21 марта проходит широкое совещание по вопросам, связанным судя по составу участников, с внешней политикой. В 17:35 пришел Ежов. В 18:00 – Микоян. В 18:50–19:00 посторонних попросили удалиться (в том числе такого влиятельного руководителя, как Чубарь). Узкий круг с Микояном и Ежовым остается и совещается о чем-то еще час. 28 марта в кабинете Сталина обсуждаются вопросы внешней политики (помимо дипломатов собрался узкий круг, включая Микояна). Дипломаты постепенно покидают кабинет. В 19:35 Литвинов уходит, его сменяет Ежов, и узкий круг (включая Микояна и без Андреева) беседует сначала полчаса с Ежовым, а потом еще больше часа без него. 29 марта в конце дня узкий круг (включая Микояна) опять собирается с Ежовым в конце дня на часик без посторонних. 1 апреля Микоян приходит в кабинет в 18:15, когда там идет обсуждение, на котором может присутствовать Розенгольц. В 19:00 он уходит, и узкий круг остается с Ежовым и присоединившимся к нему в 19:05 В. Балицким. В конце дня 2 апреля узкий круг собирается с Ежовым без Микояна.
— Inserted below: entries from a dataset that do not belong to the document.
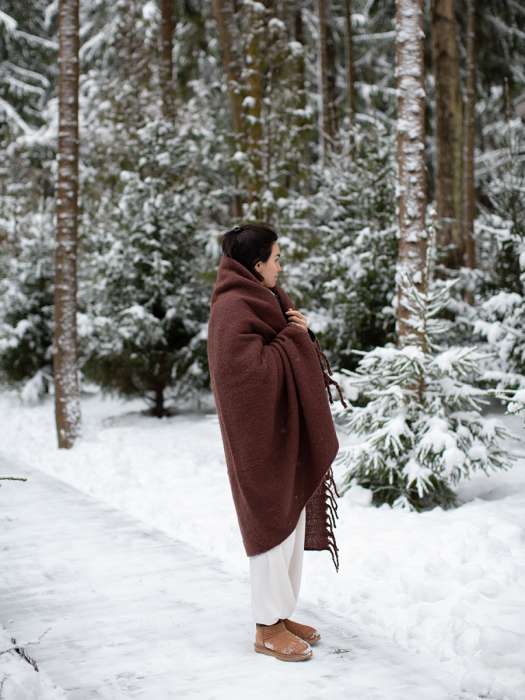 Плед мохеровый шоколадного цвета из коллекции essential, 130х180 см Tkano TK25-TH0012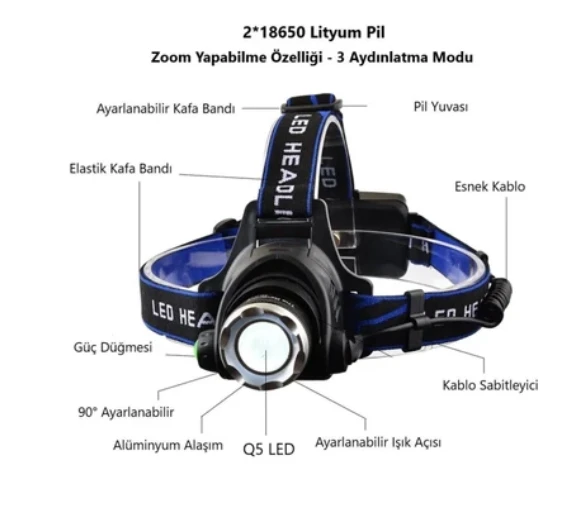 CATA CT-9123 POYRAZ USB ŞARJLI KAFA LAMBASI - 3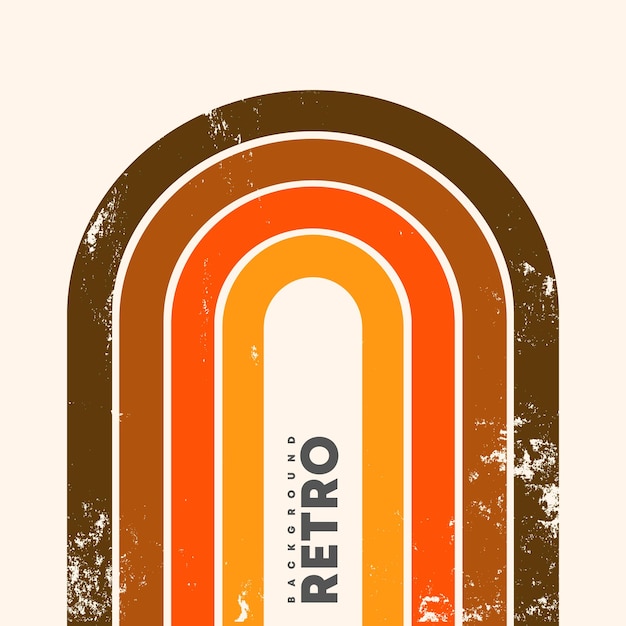 Projeto retro do arco-íris com textura vintage grunge. ilustração vetorial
Узкое совещание для «совсем своих», без Ежова, проходит 11 апреля. С 17:10 до 18:3 °Cталин, Молотов, Ворошилов, Каганович и Микоян беседуют о том, что не нужно знать и Ежову. Возможно, именно в этот день была решена судьба партийного и военного руководства. После этого Микоян участвует только в «широких» совещаниях.
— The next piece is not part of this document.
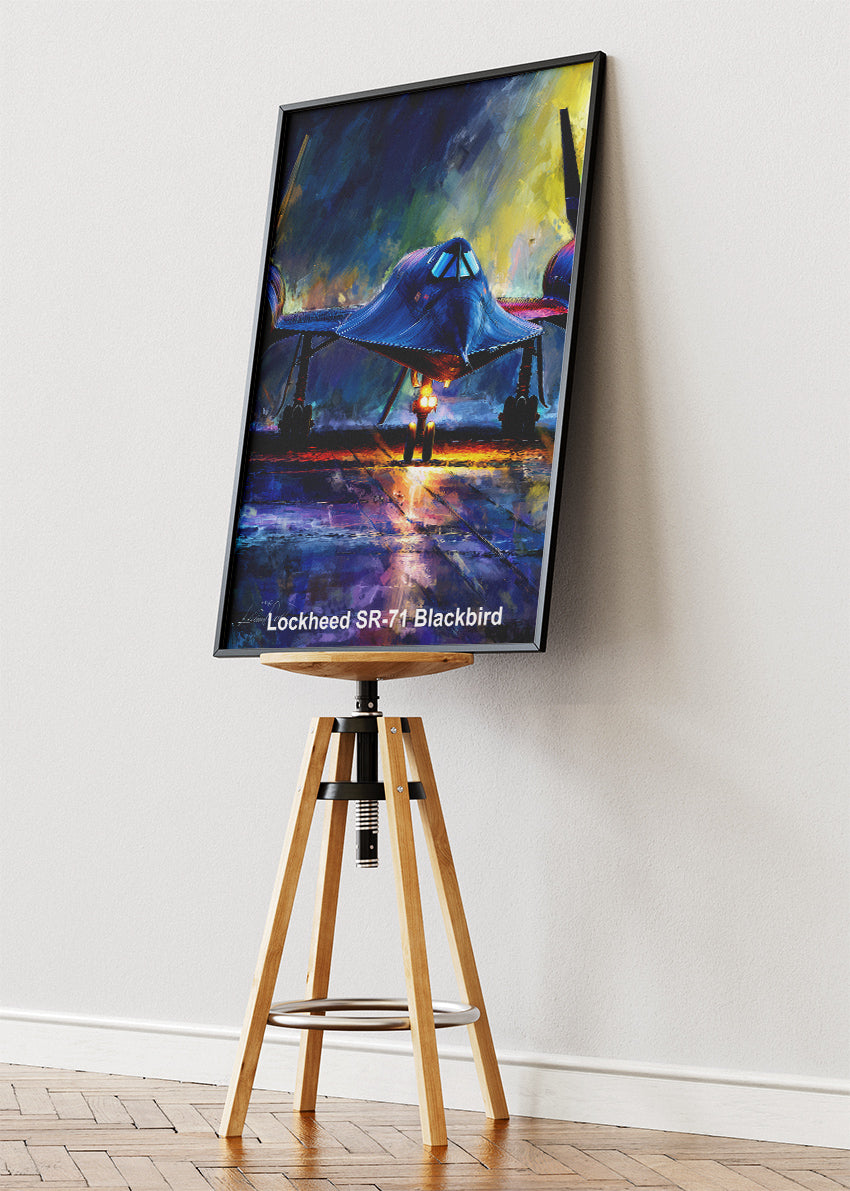 Lockheed SR-71 Blackbird Poster & Canvas Print – Illustrated Military Aircraft Wall Art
Николай Иванович Ежов. 1930-е. [Из открытых источников]
Молотов входит в состав руководящей «семерки», где Сталин 14 апреля сосредоточил принятие всех оперативных решений Политбюро. Вместе с ними заседают Каганович, Ворошилов, Микоян, Чубарь и Ежов. В 1937–1938 годах из них будет репрессирован только Чубарь. А решение наиболее секретных вопросов передается «пятерке», в которой нет ни Чубаря, ни Микояна. Молотов, естественно, входит в оба узких круга. Позже, 27 апреля, он возглавит Комитет Обороны, созданный вместо Совета Труда и Обороны, и до осени 1939 года будет также стоять во главе Экономического совета, текущей работой которого займется Микоян.
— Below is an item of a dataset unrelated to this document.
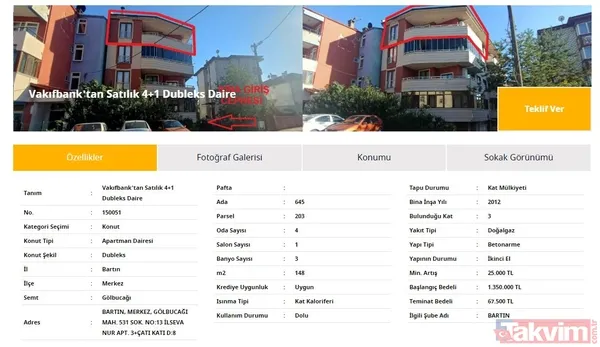 1.350.000 TL! Vakıfbank 2+1, 3+1 daire ilanlarını duyurdu! 110 bin TL'ye bankadan satılık ev fiyatları... 4+1 TERASLI DUBLEKS konut! - 2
А пока, 13 апреля, Сталин приглашает в кабинет Ежова и начальника госбезопасности Я. Агранова. 14 апреля узкий круг посидел с Ежовым 45 минут после ухода Литвинова. 19 апреля возвращается Андреев. Политическое решение принято, нужно продумать план мероприятий. 23 апреля – узкое совещание с Ежовым и Андреевым без Ворошилова и Микояна. 25 и 29 апреля – с Ежовым без Андреева. 26 апреля Сталин вызывает Ежова[463]. Идет обсуждение последних деталей будущей операции. Молотов участвует во всех этих совещаниях.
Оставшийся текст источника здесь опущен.